A recent alternative for measuring substratum deformation involves imaging deformations of fibrous matrix materials as opposed to embedded beads [141, 142]. These studies offer a new approach for calculating 3D displacement fields that may be advantageous in systems where bead displacement techniques are not feasible or have limited accuracy. For example, during remodeling of a fibrous matrix, reflection microscopy can be used to calculate matrix displacements and obtain qualitative information on cell tractions [141, 142]. Quantitative cell traction calculations rely on the assumption that the fibrous network is isotropic and can be approximated as linearly elastic [141]. In addition, molecular force sensors offer one strategy for improving the spatial resolution of quantified traction forces [143147]. In contrast to TFM-based approaches that can only quantify traction forces exerted by the cell on its external microenvironment, molecular force sensors can be used to probe internal cellular forces [100]. One example is molecular tension-based fluorescence microscopy, which uses immobilized DNA hairpins that have a tunable force threshold to measure tension across integrins [148]. Another example uses a combination of super-resolution light microscopy and polypeptide fluorescence resonance energy transfer (FRET)-based tension sensors to visualize forces across individual molecules that are present within focal adhesions [149]. Myosin I has been used as a sensor for molecular force [150], and DNA hairpins have been used to probe traction forces with high spatial resolution [151]. A final example consists of a molecular tension sensor that uses a PEG polymer to create spatiotemporal maps of mechanical forces exerted by cell-surface receptors [152]. This tension sensor has well-characterized mechanical properties, is biocompatible, and shows minimal non-specific interactions [152]. That being said, a number of challenges must be addressed, including in vivo calibration [145], improved understanding of the relationship between measurements in culture and in vivo, and improved understanding of the appropriate simplifying assumptions [100].

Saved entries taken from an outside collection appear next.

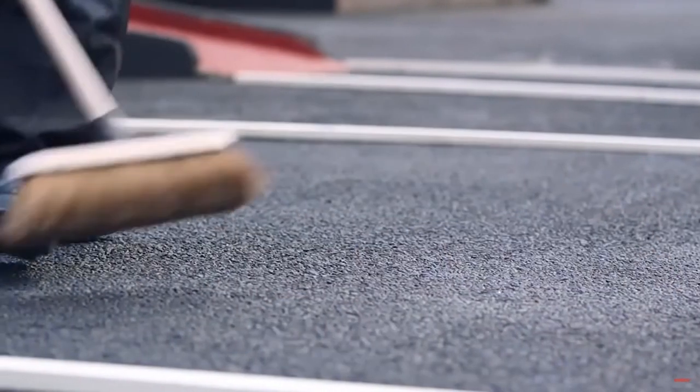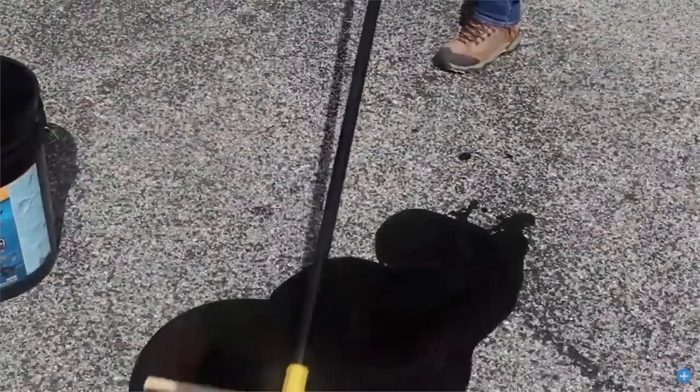We also have lots of different examples of our maintenance services we offer, including proactive maintenance all the way through to complete resurfacing.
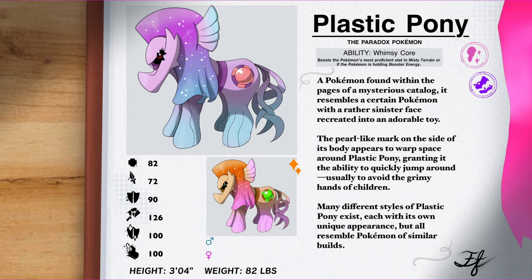Plastic Pony, the Paradox Pokemon, a Fairy and Dragon type. A Pokemon found within the pages of a mysterious catalogue, it resembles a certain Pokemon with a rather sinister face recreated into an adorable toy. The pearl-like mark on the side of its body appears to warp space around Plastic Pony, granting it the ability to quickly jump around — usually to avoid the grimy hands of children. Many different styles of Plastic Pony exist, each with its own unique appearance, but all resemble Pokemon of similar builds. Plastic Pony and all other Toy Paradox Pokemon have the ability Whimsy Core, which boosts a Pokemon's most proficient stat in Misty Terrain or if the Pokemon is holding Booster Energy.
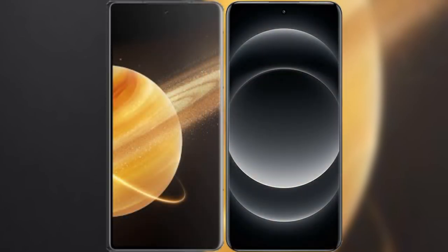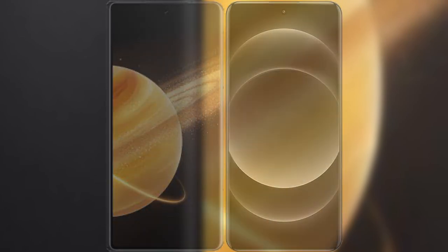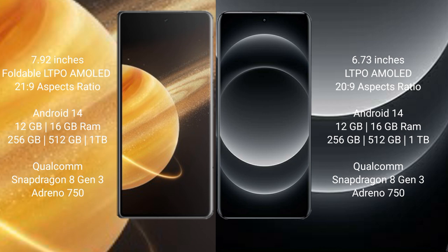I will compare the new Honor Magic V3 with Xiaomi 14 Ultra. Honor Magic V3 comes with a 7.92-inch foldable LTPO AMOLED display and Snapdragon 8 Gen 3. Xiaomi 14 Ultra has a 6.73-inch LTPO AMOLED display and Snapdragon 8s Gen 3.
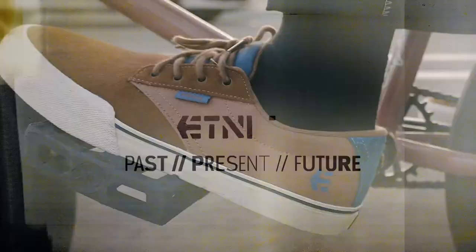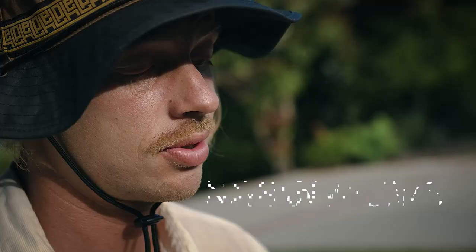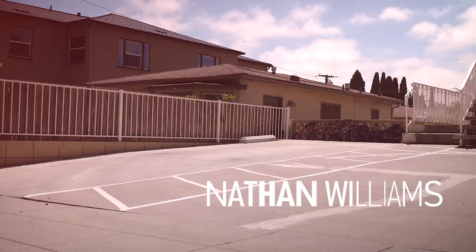The Jameson Volk has been a shoe that I've always ridden in, so whenever they asked me to do the colorway, it was kind of a no-brainer for me.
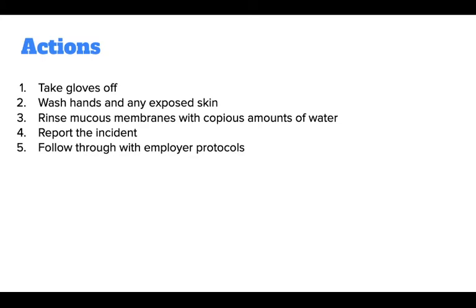Immediate action is essential for direct exposure to mucous membranes. You should take gloves off, wash hands and any exposed skin, and rinse mucous membranes with copious amounts of water. Report the incident and follow through with employer protocols.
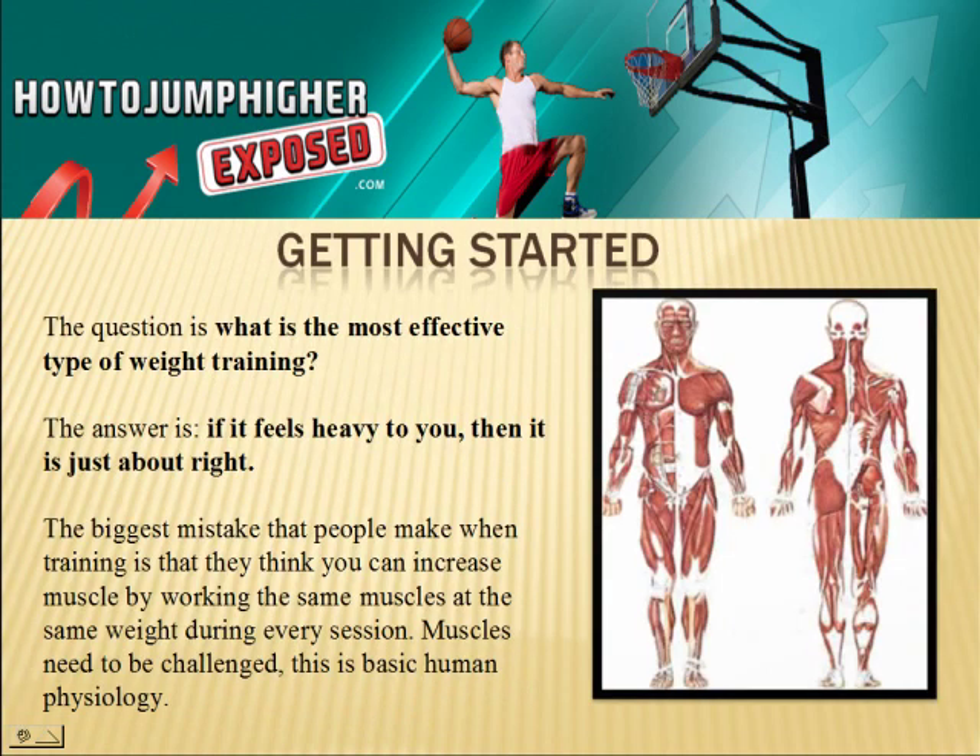Now getting started. The question is, what is the most effective type of weight training? The answer is, if it feels heavy to you, then it is just about right. The biggest mistake people make when they are training is that they think they can increase muscle by working the same muscles at the same weight during every single session.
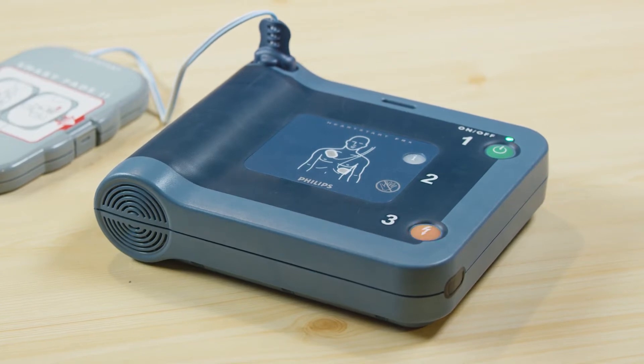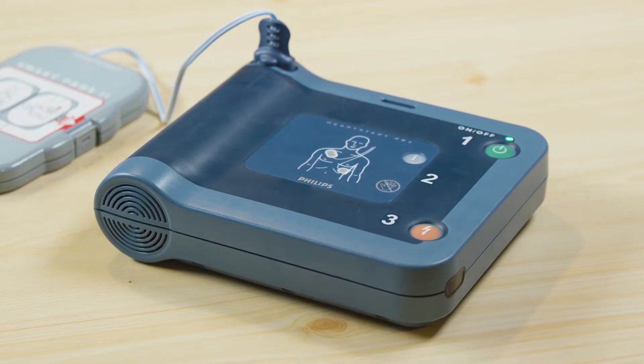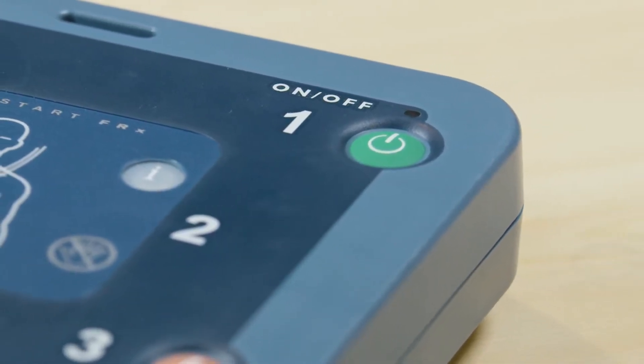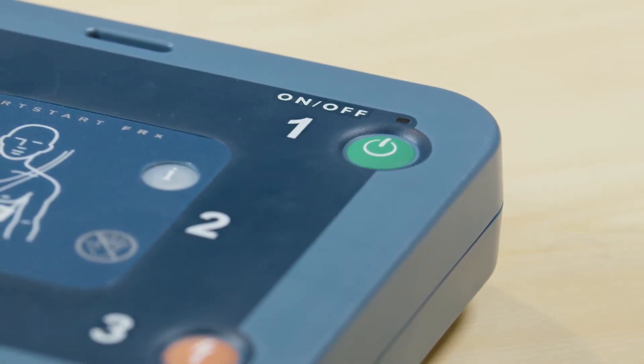The FRX will say 'Shock Button Test' and prompt you to press the shock button. Next, the FRX will say 'On-Off Button Test' and prompt you to push the On-Off button. Push the On-Off button when instructed to do so. When the self-test concludes, the unit will report the results and then enter standby mode. The ready light will start blinking green, showing that the HeartStart FRX is now ready for use.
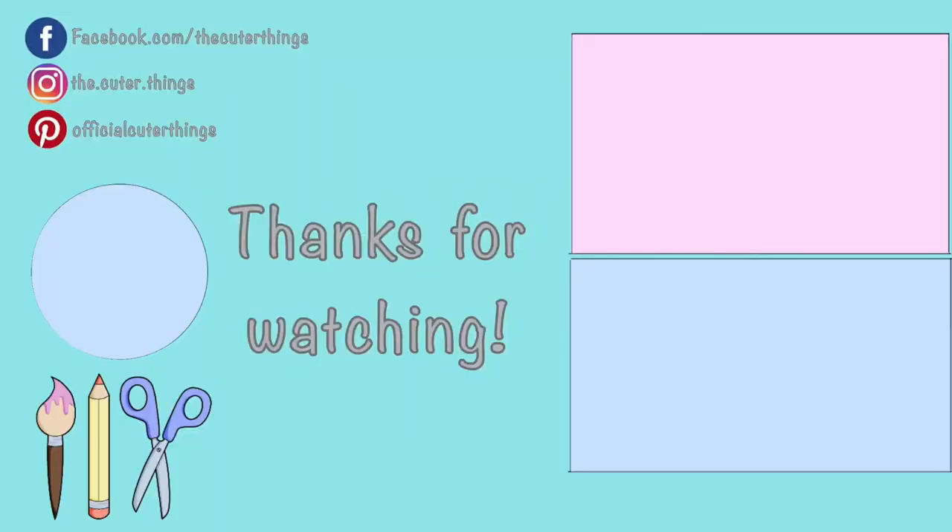Thanks for watching! Don't forget to subscribe, ring the bell, and give the video a like or a comment. Stay a while and watch a couple more episodes, and until next time — keep creating!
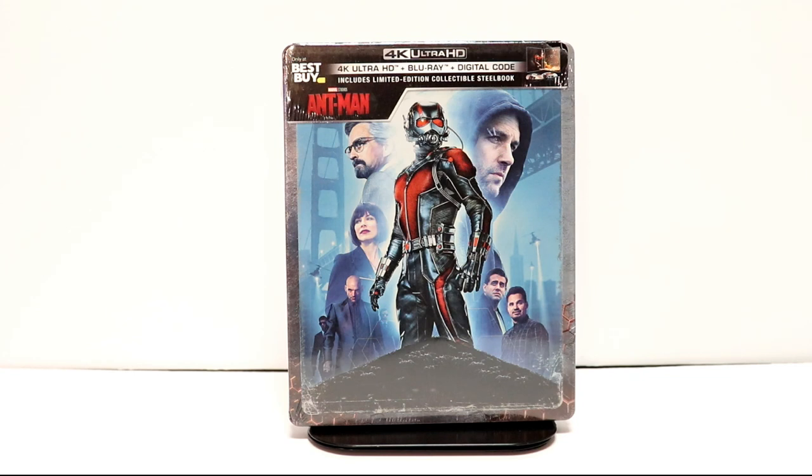Hey, Tony here. Today I want to do an unboxing of the Best Buy Exclusive Steelbook for Ant-Man, so stay tuned.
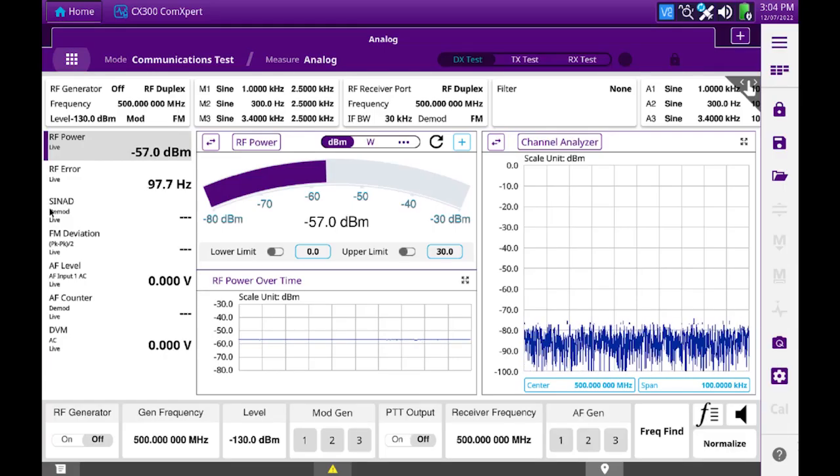This video will show how to perform the calibration procedure on the CX-300 Cable and Antenna Analysis Option. The CX-300 ASOL short open load calibrator is required to perform the calibration.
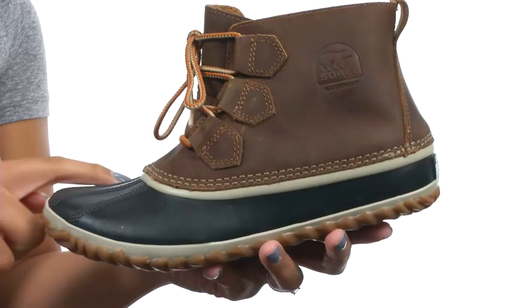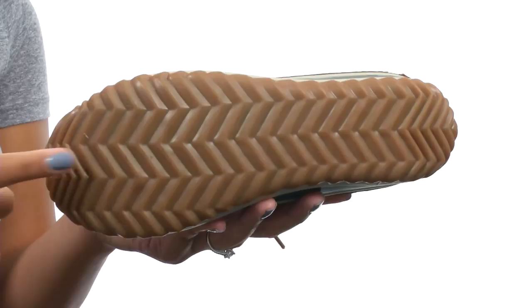The bottom gives you a handcrafted waterproof vulcanized rubber shell with a herringbone outsole that provides excellent waterproof protection and superior traction on various surfaces.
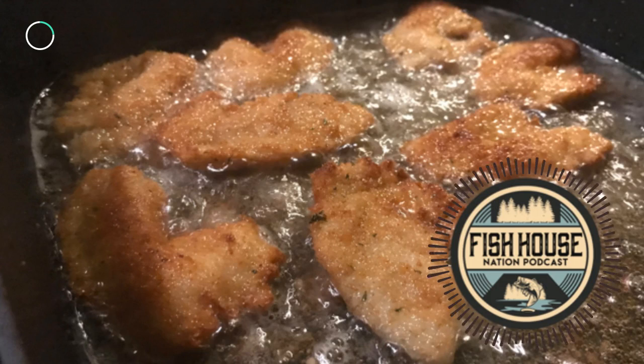The oil should be around 375 degrees. If you're pan frying, 3 to 4 minutes on each side is sufficient, and if you're deep frying, about 5 minutes in the fryer should be perfect. Keep an eye on the fish and cook until golden brown.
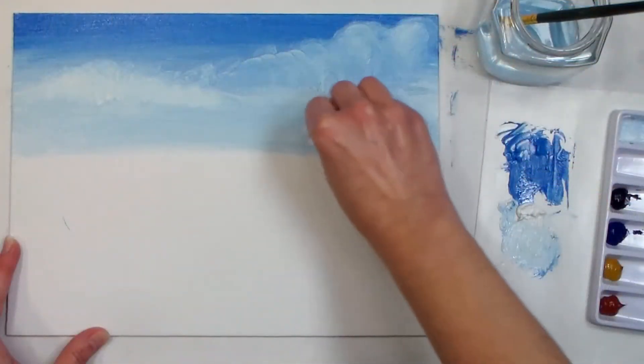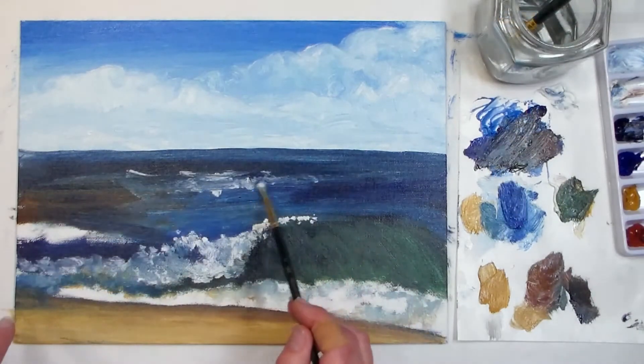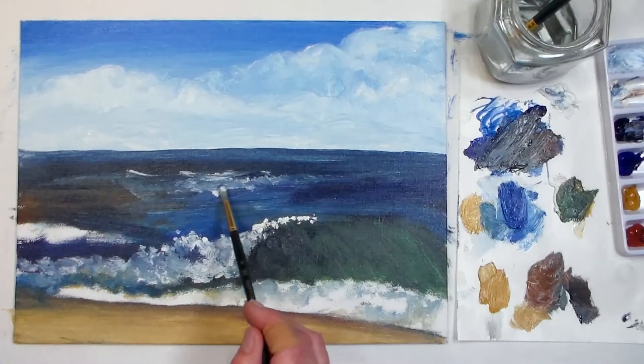Hello there! My name is Lindsay Wyrick, and welcome to the Art Instructor series by Royal and Langnickel. Today we're going to explore the wonderful world of oil painting, and you're going to learn the tools and techniques you're going to need to create some wonderful paintings.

Additional information about cell-generated mechanical forces can also be obtained by combining TFM with other experimental techniques. For example, AFM, which can be used to directly measure the mechanical properties of cells, has been combined with TFM to study how cells respond to applied forces [153, 154]. In a similar approach, incorporating magnetic particles within silicone micropillars enables one to study the response of cells to precisely applied forces [155]. Cellular traction forces have also been studied by combining TFM with optical tweezers. In particular, optical tweezers have been used to dictate the placement of beads, so that traction forces can be quantified locally [156, 157]. It has also been suggested that integrating TFM with molecular force sensors may provide a way to understand the interplay between extrinsic and intrinsic cellular forces [100]. While the aforementioned techniques have made improvements to conventional TFM, developing a complete understanding of traction forces in biological systems will require versatile techniques that can produce spatial maps of forces in vivo with high accuracy and precision.

Concluding remarks

Insight into the biophysical and biochemical mechanisms through which traction forces act is required for understanding a vast array of biological processes. Here, we describe experimental techniques and computational methods to quantify traction forces. Despite considerable progress and improvement in experimental and computational approaches, current TFM techniques cannot be used to quantify traction forces exerted within in vivo microenvironments, nor can they account for the complex heterogeneity present in native ECMs. As described here, microfabricated tissues provide an experimentally tractable means to quantify the traction forces exerted by and within multicellular cohorts. Coupled with improved computational approaches, microfabricated tissues will shed light on the tractions exerted by cells in heterogeneous non-linear microenvironments and provide valuable insight into processes that resemble in vivo migrational and morphogenetic movements.